Change batch defaults to 1 to be friendlier to lower VRAM cards (x768 model)
Problem

Getting OOM memory errors at the decode stage with baseline arguments from the readme, specifying only --ckpt "..." --prompt "..." --config "..." --H 768 --W 768
Even with a Medium VRAM card (3080 Ti, 12GB) and Xformers installed. the default batch sizes will overflow vram at a size of 3 for the 768x768 model.
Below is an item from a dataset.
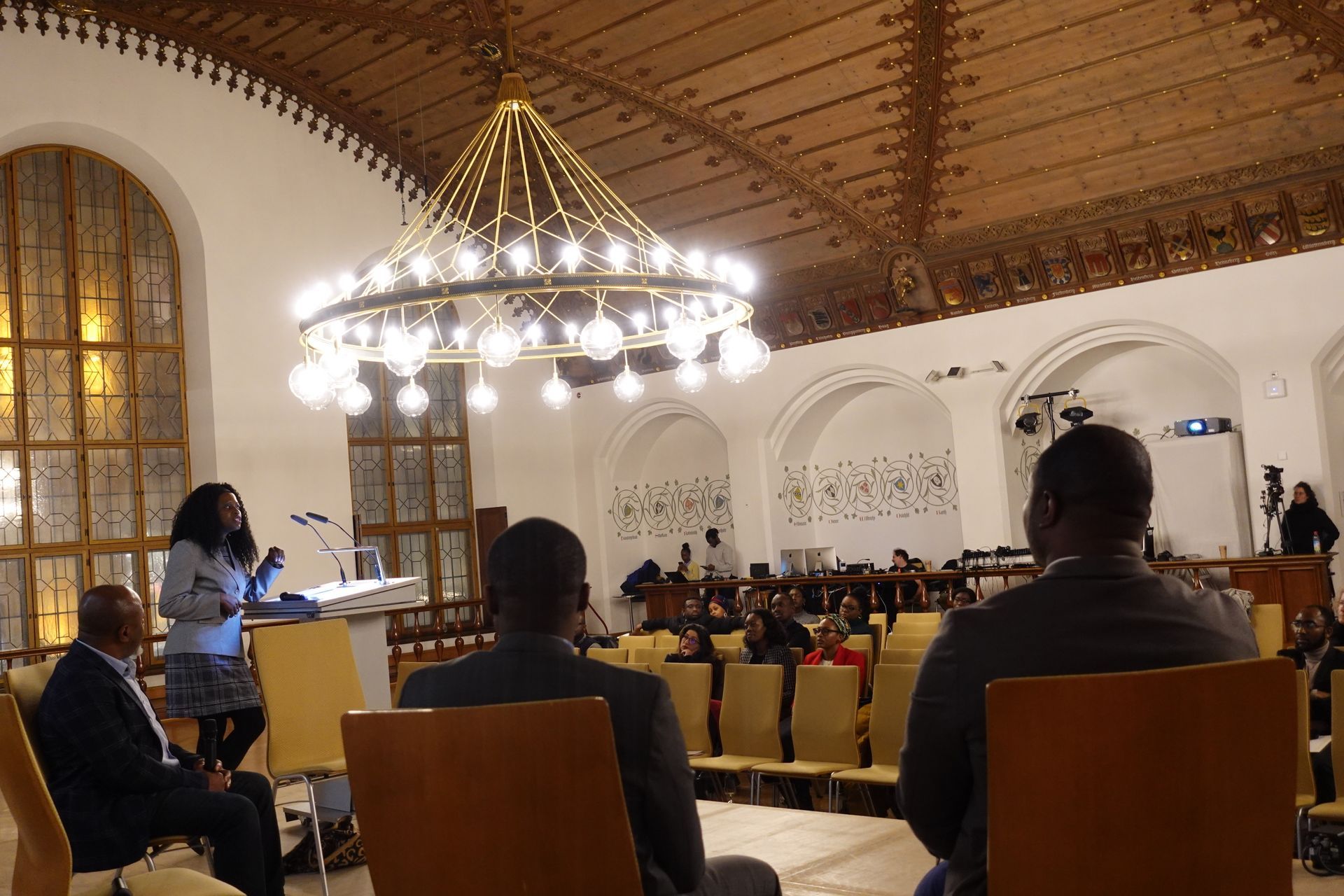 A group of people are sitting in a room with a chandelier hanging from the ceiling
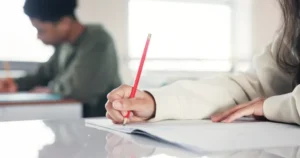 Primer plano de manos de estudiantes escribiendo con lápiz en cuadernos en un salón de clases de inglés.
This means the sample commands from the readme won't work unless one digs through the command-line args manually and notices the defaults.
Proposed PR
- This PR simply changes the defaults for img2img and txt2img to have batch sizes of 1, and in the case of txt2img the n_iter size to 2. This is a simple quality of life change that should help people get what they expect easier.
- txt2img: Leaves n_iter at 2 so you still get a nice grid of 2 samples, but with batch size 1.
Example command
python scripts/txt2img.py --prompt "a beautiful painting of an astronaut riding a unicorn" --ckpt 768-v-ema.ckpt --config configs/stable-diffusion/v2-inference-v.yaml --H 768 --W 768
System info
- Windows 10 21H2
- RTX 3080 Ti (12gb)
- torch 1.12.1+cu116
- xformers installed and working
- cuda_11.6.r11.6/compiler.31057947_0
Ok, change n_samples to 1 can fix some error, but don't you think we need a better memory management to be abble to generate 10 images with 16Go of VRAM ? For example, with SD1, I used script of @basujindal https://github.com/basujindal/stable-diffusion And I can generate 10 results with a T4 16Go in 3 minutes
And I don't spoke about upscaling :( (error tring upscaling 4x a 768x512 picture)
CUDA out of memory. Tried to allocate 576.00 GiB (GPU 0; 39.41 GiB total capacity; 10.90 GiB already allocated; 24.99 GiB free; 12.83 GiB reserved in total by PyTorch)
Edit : with xformers it's much better !